Entonces se encendió en su pecho la llama de los celos y agarró su corazón con tal fuerza, que el color de su piel adoptó el del boj o el de las cenizas de un fuego apagado, y gritó:
-¡Oh, vosotros, dioses crueles que gobernáis el mundo, sometiéndolo con vuestras leyes implacables y escribiendo vuestras decisiones y decretos eternos en tablas diamantinas!, ¿cómo puede preocuparos más la humanidad que las ovejas de un redil? Pues el hombre muere igual que cualquier otro animal y, a menudo, sufre arrestos y cárcel o padece pestes y adversidades sin culpa alguna. ¿Qué designio figura en vuestra presciencia al atormentar al inocente y al que carece de toda culpa? Y lo que acrecienta toda esta penitencia es que el hombre se ve obligado a caminar según las leyes de Dios y debe reprimir sus deseos, mientras que una bestia es libre de hacer lo que le parece; una vez muerto, no se siente dolor; sin embargo, después de la muerte el hombre debe llorar y sufrir aunque haya padecido mucho en este mundo. No hay duda de que, como están las cosas, se debe dejar a los teólogos que proporcionen la respuesta; pero de una cosa estoy seguro: que aquí en la tierra hay muchos padecimientos. »¡Ay!, veo a una víbora, a un ladrón que ha hecho daño a muchos hombres buenos, quedar libre para ir a donde le plazca, mientras yo tengo que languidecer en prisión porque Saturno y Juno en su furor celoso han destruido por completo la mejor sangre de Tebas, cuyas espesas murallas yacen ahora derruidas, y por otro lado Venus me mata de celos y temor por causa de Arcite.
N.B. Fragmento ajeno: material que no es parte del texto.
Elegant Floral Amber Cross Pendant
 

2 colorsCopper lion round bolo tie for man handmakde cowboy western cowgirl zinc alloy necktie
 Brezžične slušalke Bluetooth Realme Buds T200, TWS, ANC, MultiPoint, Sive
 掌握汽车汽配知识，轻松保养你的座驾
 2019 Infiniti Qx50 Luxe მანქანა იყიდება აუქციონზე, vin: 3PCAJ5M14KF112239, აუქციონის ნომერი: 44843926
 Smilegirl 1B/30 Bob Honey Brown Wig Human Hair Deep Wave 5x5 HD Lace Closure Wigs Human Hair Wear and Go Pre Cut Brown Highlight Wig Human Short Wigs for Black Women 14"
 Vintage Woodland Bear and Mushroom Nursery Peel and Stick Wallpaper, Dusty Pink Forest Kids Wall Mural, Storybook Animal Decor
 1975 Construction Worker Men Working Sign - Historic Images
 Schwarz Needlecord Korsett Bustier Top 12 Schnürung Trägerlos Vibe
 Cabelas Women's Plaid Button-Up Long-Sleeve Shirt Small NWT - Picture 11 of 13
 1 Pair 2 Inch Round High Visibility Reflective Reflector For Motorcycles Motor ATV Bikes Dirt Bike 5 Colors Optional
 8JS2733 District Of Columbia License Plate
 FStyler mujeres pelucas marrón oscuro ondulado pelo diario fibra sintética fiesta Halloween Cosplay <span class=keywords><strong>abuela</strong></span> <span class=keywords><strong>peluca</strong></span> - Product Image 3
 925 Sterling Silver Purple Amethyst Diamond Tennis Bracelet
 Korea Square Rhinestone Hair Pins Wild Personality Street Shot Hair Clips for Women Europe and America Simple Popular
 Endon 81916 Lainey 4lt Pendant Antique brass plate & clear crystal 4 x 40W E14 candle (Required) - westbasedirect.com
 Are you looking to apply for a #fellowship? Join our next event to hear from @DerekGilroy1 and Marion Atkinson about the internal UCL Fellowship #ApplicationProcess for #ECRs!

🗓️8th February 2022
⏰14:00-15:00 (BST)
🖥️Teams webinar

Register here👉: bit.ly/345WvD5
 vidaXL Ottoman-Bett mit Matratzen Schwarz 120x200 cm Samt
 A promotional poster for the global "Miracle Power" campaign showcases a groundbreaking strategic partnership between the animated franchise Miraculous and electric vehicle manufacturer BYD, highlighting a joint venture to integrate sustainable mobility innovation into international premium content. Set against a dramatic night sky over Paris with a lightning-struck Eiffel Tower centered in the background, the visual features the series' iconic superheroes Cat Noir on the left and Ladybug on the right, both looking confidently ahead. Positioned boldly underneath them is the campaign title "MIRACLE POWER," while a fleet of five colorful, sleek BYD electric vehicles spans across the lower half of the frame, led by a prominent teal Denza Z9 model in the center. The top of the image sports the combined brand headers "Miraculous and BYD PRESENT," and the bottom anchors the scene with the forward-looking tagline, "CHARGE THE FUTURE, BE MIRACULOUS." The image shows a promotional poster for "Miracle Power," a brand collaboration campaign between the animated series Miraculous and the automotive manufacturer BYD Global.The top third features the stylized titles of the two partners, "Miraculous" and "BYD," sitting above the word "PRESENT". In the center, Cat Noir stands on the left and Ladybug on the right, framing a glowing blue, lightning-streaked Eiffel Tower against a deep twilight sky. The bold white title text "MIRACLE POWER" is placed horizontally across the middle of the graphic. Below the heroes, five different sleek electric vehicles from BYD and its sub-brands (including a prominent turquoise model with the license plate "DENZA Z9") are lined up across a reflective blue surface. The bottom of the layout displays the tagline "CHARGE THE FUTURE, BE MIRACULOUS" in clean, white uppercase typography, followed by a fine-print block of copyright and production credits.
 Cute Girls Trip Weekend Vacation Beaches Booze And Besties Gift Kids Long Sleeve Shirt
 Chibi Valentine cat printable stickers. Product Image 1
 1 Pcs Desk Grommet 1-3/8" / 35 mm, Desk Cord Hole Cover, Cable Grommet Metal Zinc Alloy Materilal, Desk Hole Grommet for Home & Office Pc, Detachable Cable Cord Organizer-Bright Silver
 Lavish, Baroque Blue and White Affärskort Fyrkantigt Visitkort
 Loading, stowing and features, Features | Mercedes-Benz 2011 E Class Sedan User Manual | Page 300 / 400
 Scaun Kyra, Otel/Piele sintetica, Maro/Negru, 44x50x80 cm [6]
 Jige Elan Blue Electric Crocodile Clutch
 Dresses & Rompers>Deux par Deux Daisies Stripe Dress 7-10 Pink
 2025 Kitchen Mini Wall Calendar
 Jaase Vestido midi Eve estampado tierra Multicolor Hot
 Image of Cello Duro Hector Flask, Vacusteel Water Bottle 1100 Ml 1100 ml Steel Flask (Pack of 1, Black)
Ahora voy a dar descanso a Palamón y lo dejaré en prisión, mientras me extiendo en mi relato sobre Arcite.
Pasa el verano y sus largas noches doblan los violentos tormentos del amante Arcite y del prisionero Palamón. No sé cuál de los dos es el que debe soportar más dolor. Para abreviar, Palamón está condenado a prisión perpetua, cargado de cadenas y grilletes hasta que muera. Arcite, en cambio, exiliado bajo pena de muerte, no podrá ver jamás a su dama en los dominios de Teseo.
Ahora, vosotros que amáis, dejadme que os formule una pregunta: ¿quién sufre más por ello, Arcite o Palamón? ¿El que ve a su dama diariamente, pero está encerrado para siempre, o el que es libre de ir donde le plazca, pero no verá nunca más a su dama? Aquellos de vosotros que podáis, elegid entre las dos situaciones a voluntad; yo, por mi parte, continuaré como he empezado.